§ Goal of the exercise
No line before the one holding "The Preferences dialog" is wanted; restate word for word that line and all lines after it to the end of the entries, excluding pictures.

§ Stored data

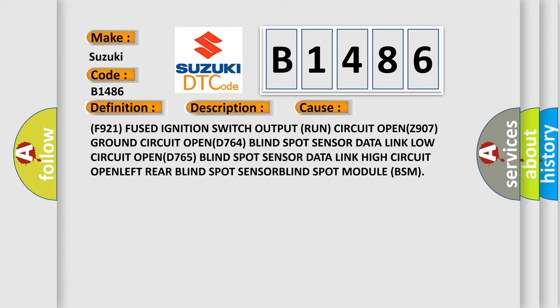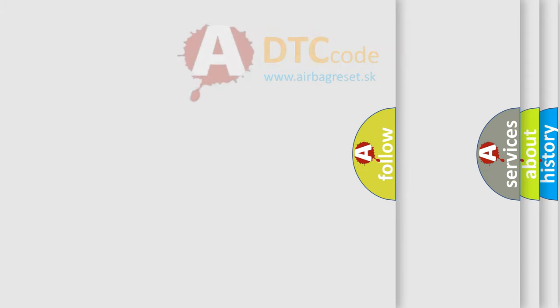This diagnostic error occurs most often in these cases: F921 fused ignition switch output run circuit OPNZ 907 ground circuit OPND 764 blind spot sensor data link low circuit OPND 765 blind spot sensor data link high circuit OPN, left rear blind spot sensor, or blind spot module BSM. The airbag reset website aims to provide information in 52 languages.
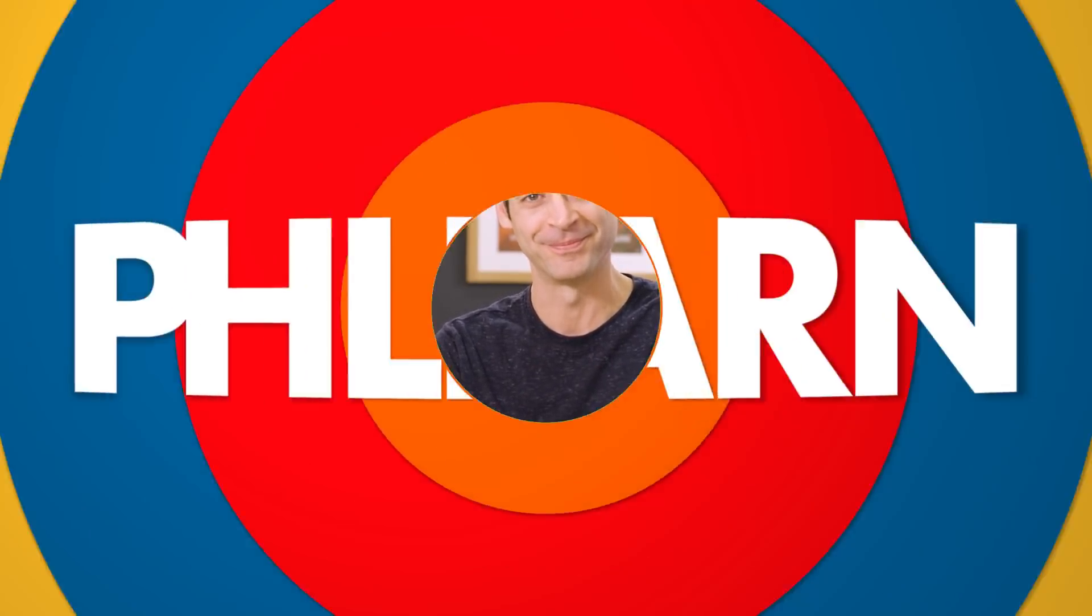Thanks so much for watching Phlearn, and I hope you enjoyed this episode. Go ahead and click on that subscribe button. We'll send you a free Photoshop tutorial every single week. All the best, much love, learn you later. Bye everyone.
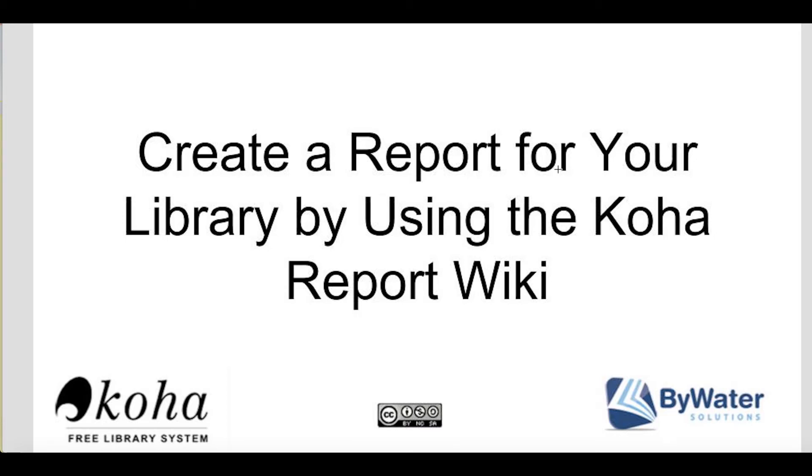Hi, my name is Kelly MacElligott and I'm one of the educators with Bywater Solutions and I have this short tutorial on how to create a report for your library by using the Koha Report Wiki.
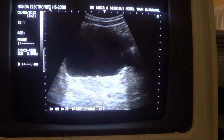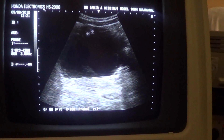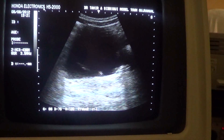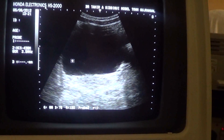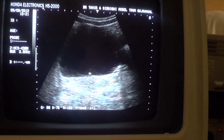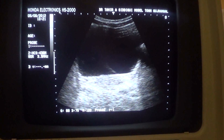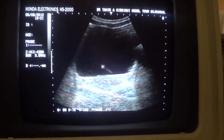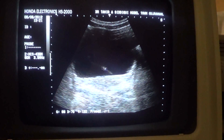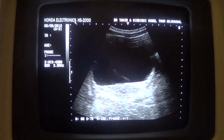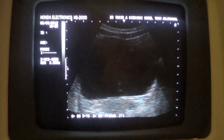This is the urinary bladder in the transfer section, and this jet of white echogenic area you are seeing is the urine entering the urinary bladder. This is the urine jet from the urinary bladder.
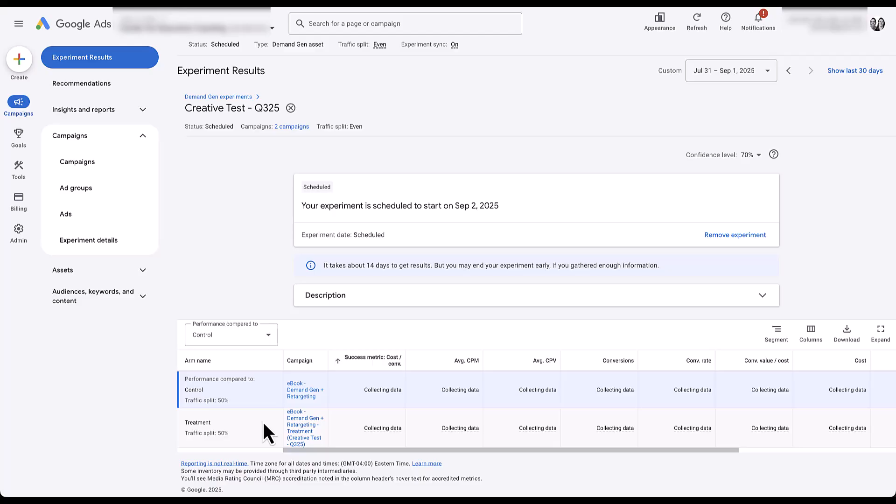Overall, this is a great feature you can use within your Demand Gen campaigns to have a very clear visual about which types of images, videos, and carousel ads work best. It gives you a controlled way to get finalized data on which themes are performing for your account. If you've got any questions about setting up these asset-level campaign experiments for Demand Gen campaigns or anything else in the Google Ads interface, let us know in the comments below.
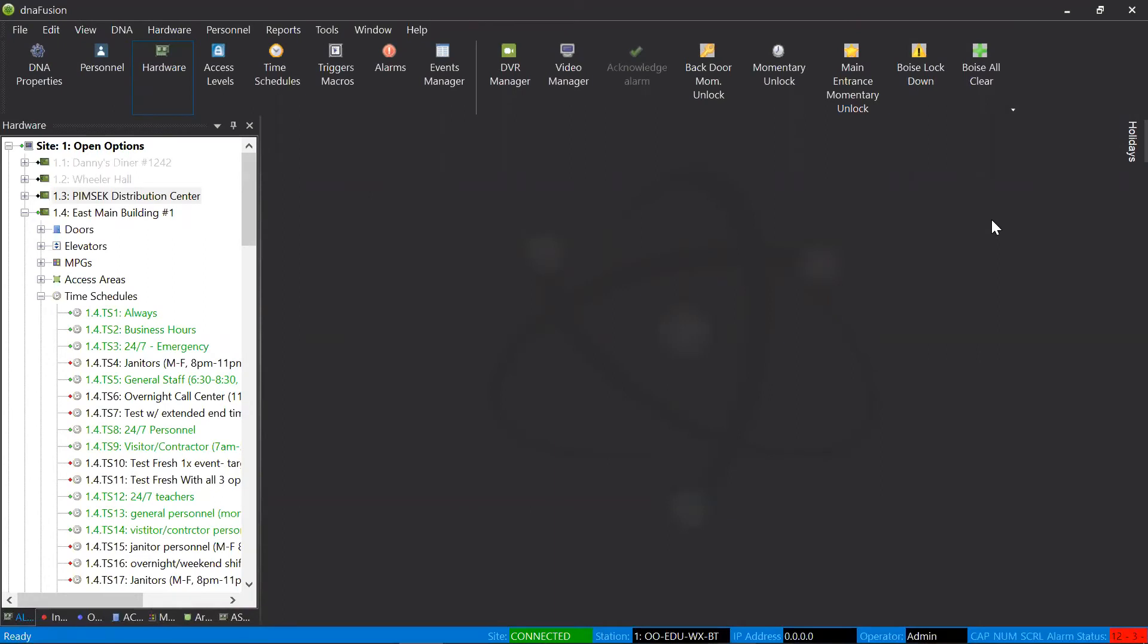Hi, welcome to Open Options. Today, let's talk about something that's used pretty frequently within the software.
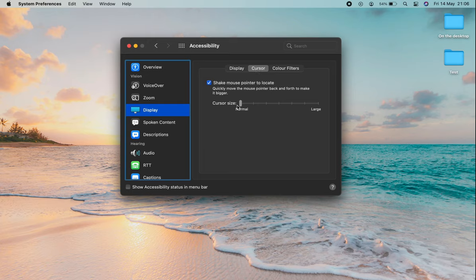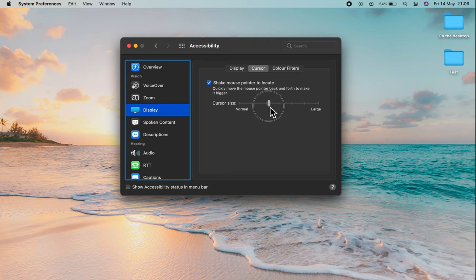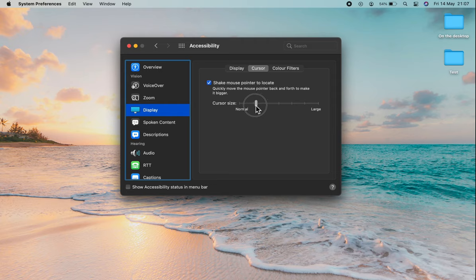And right here, we have Cursor Size. And you can drag this up here to make the cursor larger, or you can drag it back down there to make it normal and smaller.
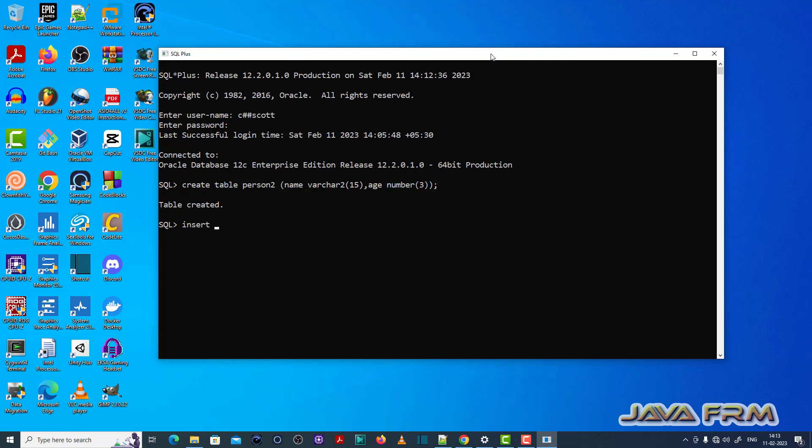Now let me try to insert some values to person2 table. So I am inserting one string to name column and number to age column.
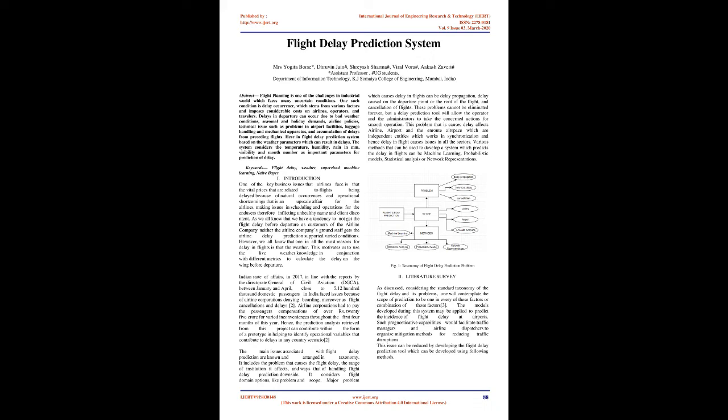Hence, the prediction analysis retrieved from this project can contribute in the form of a prototype in helping to identify operational variables that contribute to delays in any country scenario. The main issues associated with flight delay prediction are known and arranged in taxonomy. It includes the problem that causes the flight delay, the range of institution it affects, and ways of handling flight delay prediction. It considers flight domain features like problem and scope.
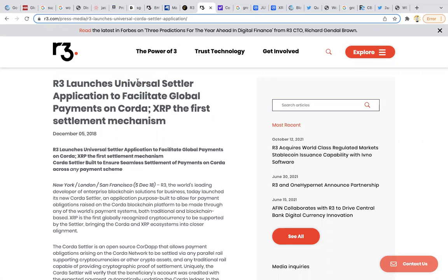That means if you have PayPal and someone has Cash App, both those networks are actually able to communicate with each other because there's interoperability, like someone with AT&T calling someone with a T-Mobile phone, different networks that can still talk to each other.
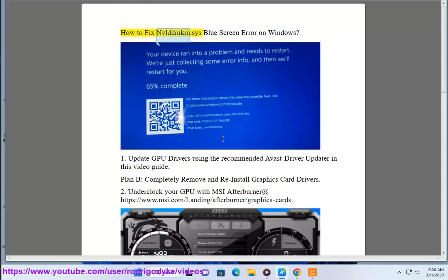How to fix NBLDDMKM.SYS Blue Screen error on Windows.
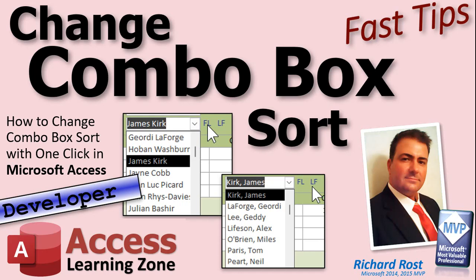Welcome to another Fast Tips video brought to you by AccessLearningZone.com. I am your instructor Richard Rost. In today's video I'm going to show you how to dynamically change a combo box's sort.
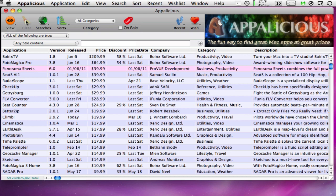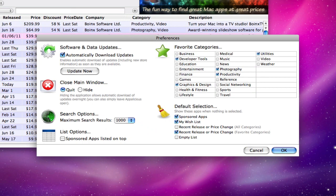The Preferences dialog allows you to customize the apps displayed in the default selection. Simply check the options you want to include, or pick Empty List if you don't want any apps to show up at all.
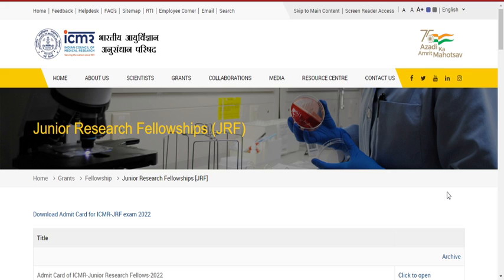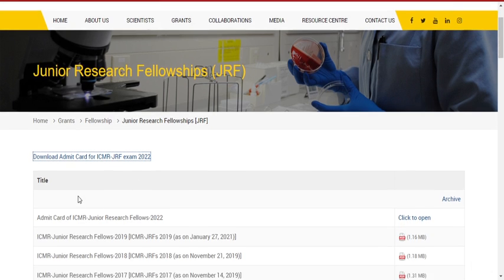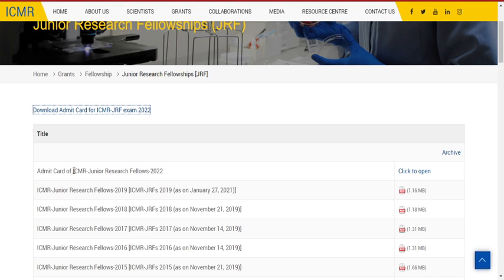Hello friends, welcome back to my YouTube channel Nesting Padasali. So finally this ICMR JRF Admit Card has been out now. The exam is planned to be conducted on the 23rd. I had expected this Admit Card to be made live on September 15 itself, but yesterday only they released an important statement with regard to the Admit Card for the ICMR Junior Research Fellow 2022.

§ Result of the exercise
The Preferences dialog allows you to customize the apps displayed in the default selection. Simply check the options you want to include, or pick Empty List if you don't want any apps to show up at all.
Hello friends, welcome back to my YouTube channel Nesting Padasali. So finally this ICMR JRF Admit Card has been out now. The exam is planned to be conducted on the 23rd. I had expected this Admit Card to be made live on September 15 itself, but yesterday only they released an important statement with regard to the Admit Card for the ICMR Junior Research Fellow 2022.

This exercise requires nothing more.